All pictures are to be omitted while the lines starting at the line with "Plafón Led Cromo con Protección IP 44" and ending at the line with "High quality winter" in the material below are retyped exactly, both ends included.

RECORDS TO USE Start Marker

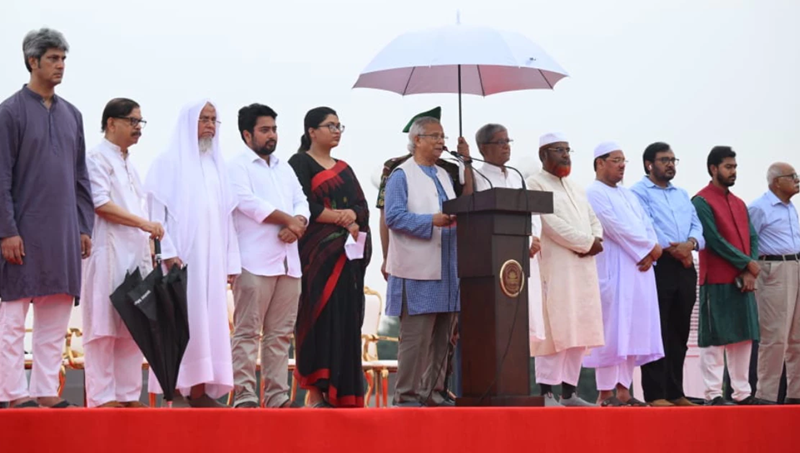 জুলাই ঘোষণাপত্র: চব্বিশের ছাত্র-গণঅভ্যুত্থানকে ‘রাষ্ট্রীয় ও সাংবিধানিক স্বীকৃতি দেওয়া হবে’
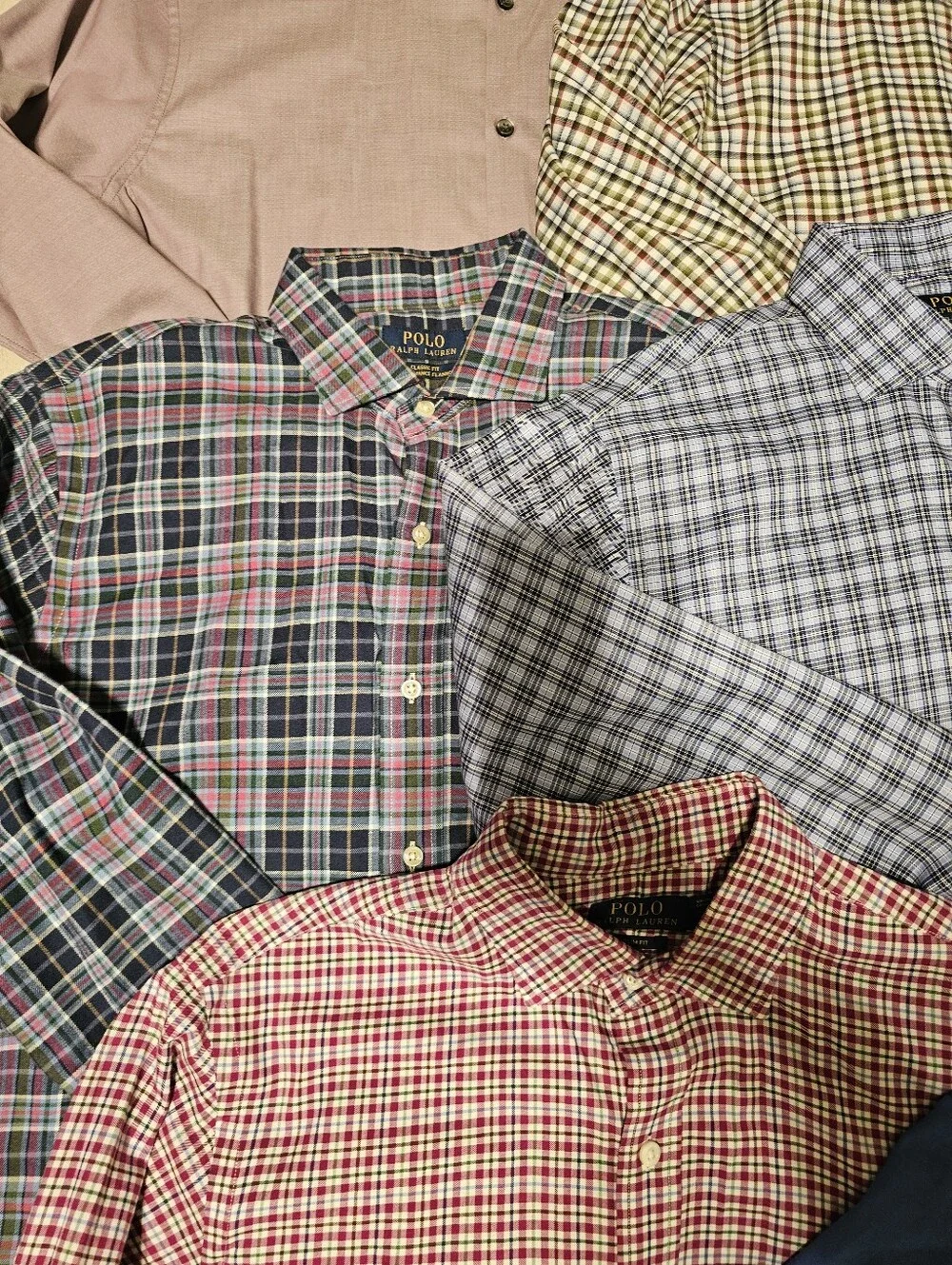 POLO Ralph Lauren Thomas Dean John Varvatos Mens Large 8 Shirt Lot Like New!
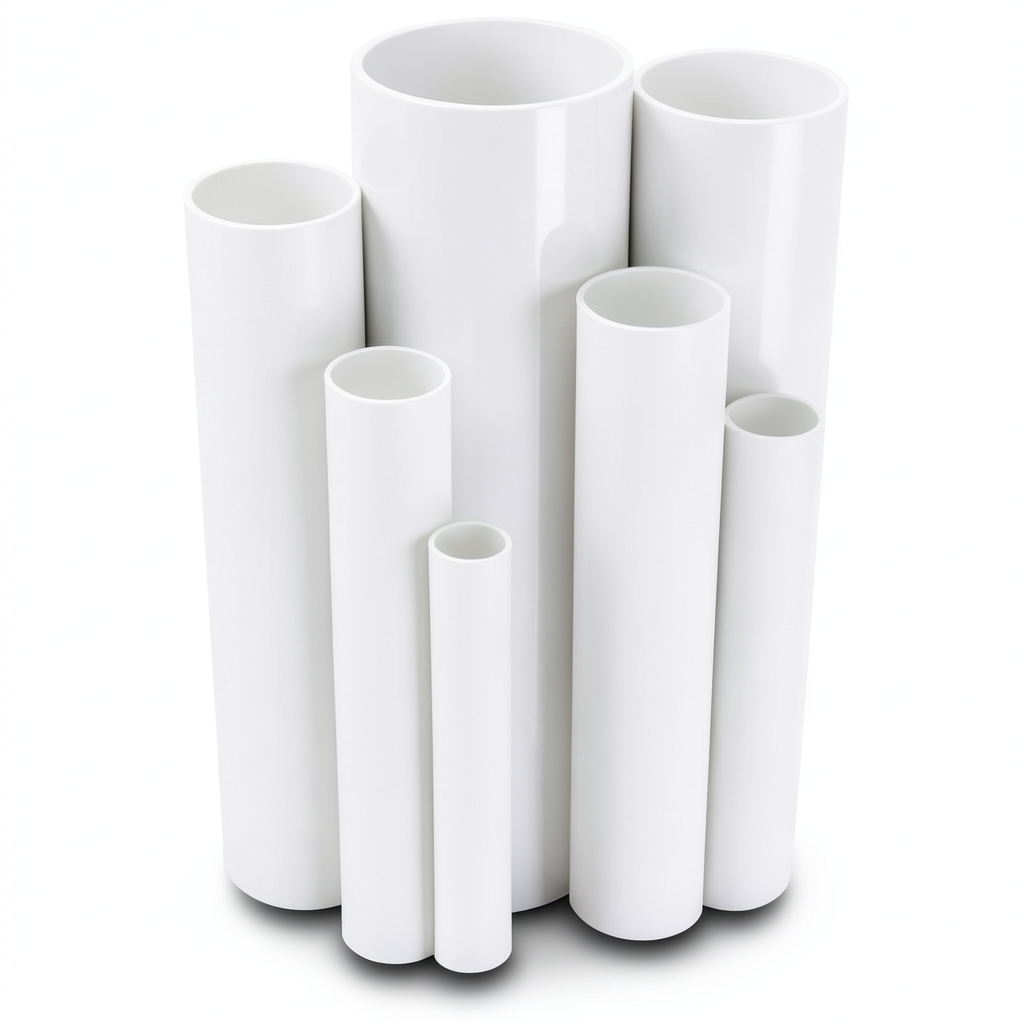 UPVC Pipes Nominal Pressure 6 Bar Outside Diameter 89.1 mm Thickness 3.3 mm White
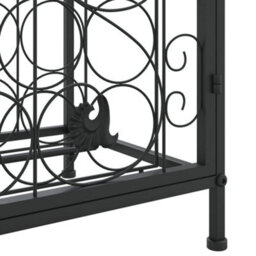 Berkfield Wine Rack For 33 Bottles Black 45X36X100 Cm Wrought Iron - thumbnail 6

RECORDS TO USE End Marker
RECORDS TO USE Start Marker

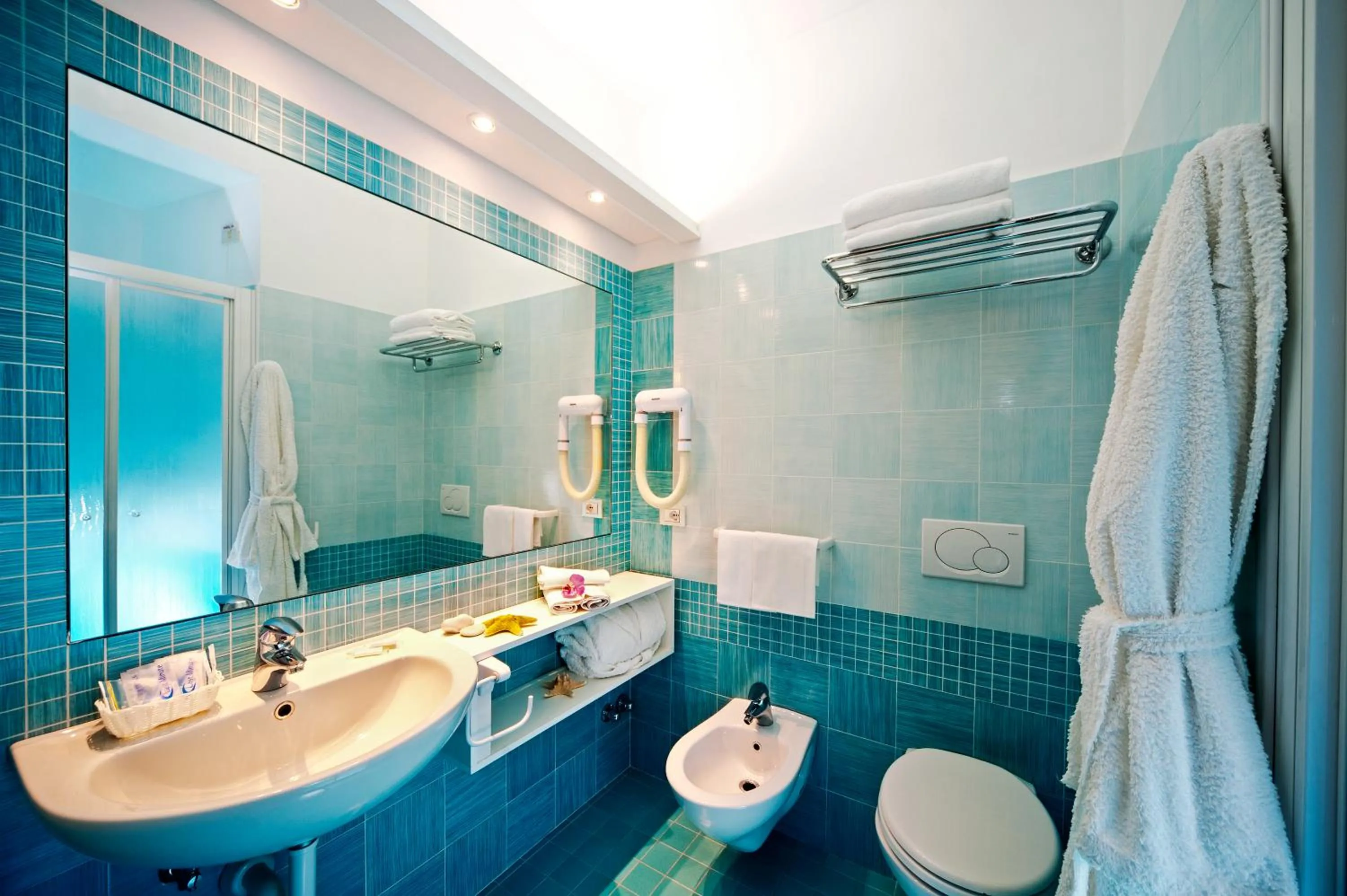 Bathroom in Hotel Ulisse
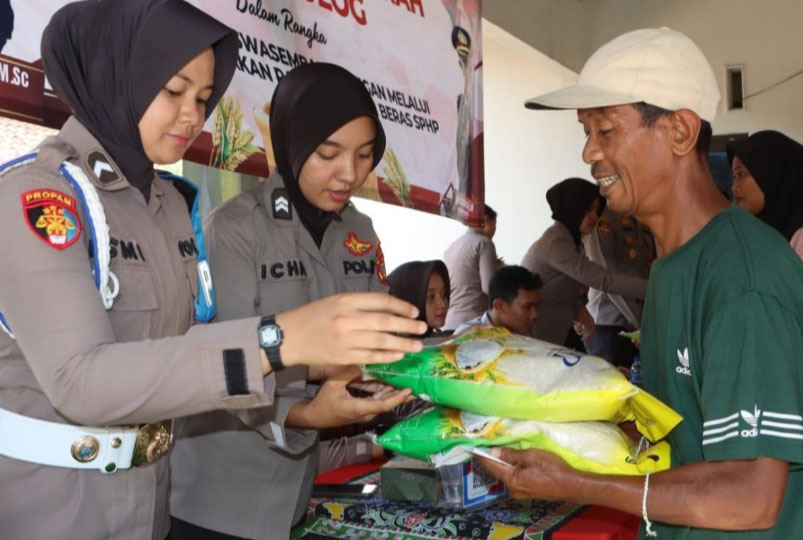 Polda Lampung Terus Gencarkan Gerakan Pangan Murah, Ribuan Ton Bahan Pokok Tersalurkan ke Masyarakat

RECORDS TO USE End Marker
RECORDS TO USE Start Marker

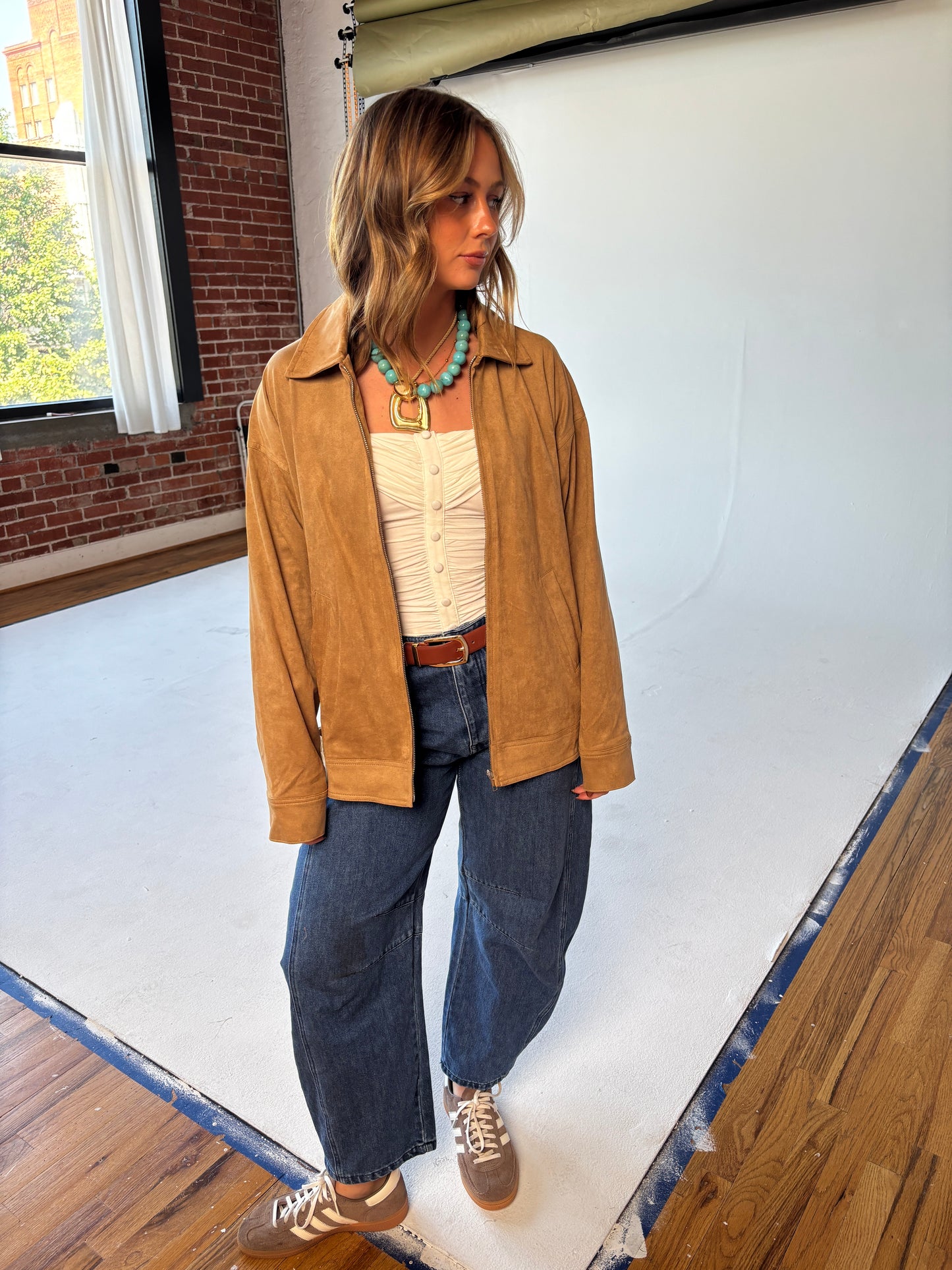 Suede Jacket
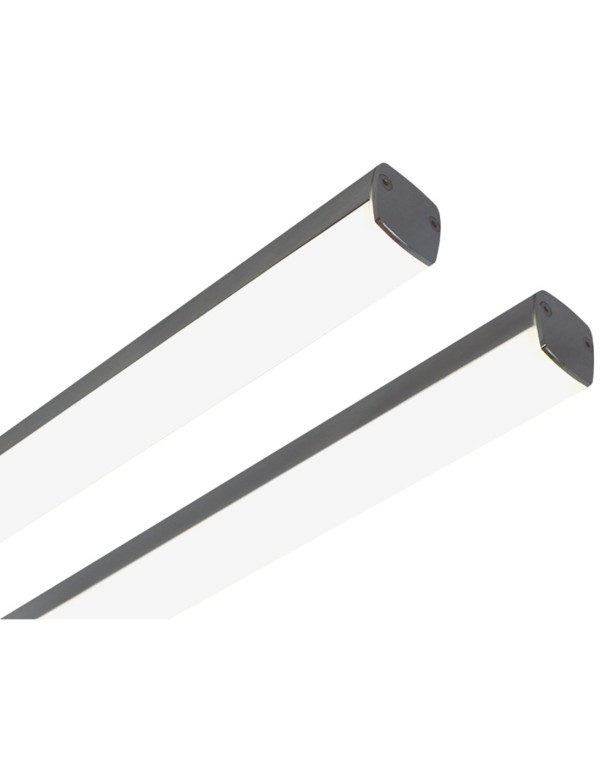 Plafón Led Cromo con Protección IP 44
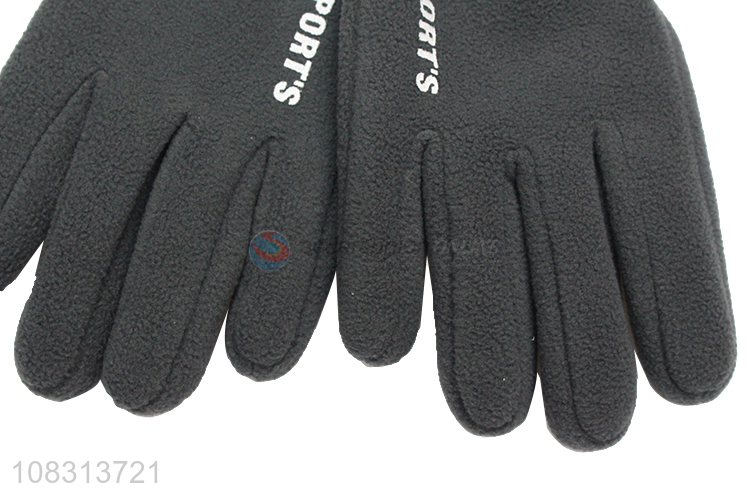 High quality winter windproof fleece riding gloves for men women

RECORDS TO USE End Marker

▸ **EXPECTED ANSWER**
 Plafón Led Cromo con Protección IP 44
 High quality winter windproof fleece riding gloves for men women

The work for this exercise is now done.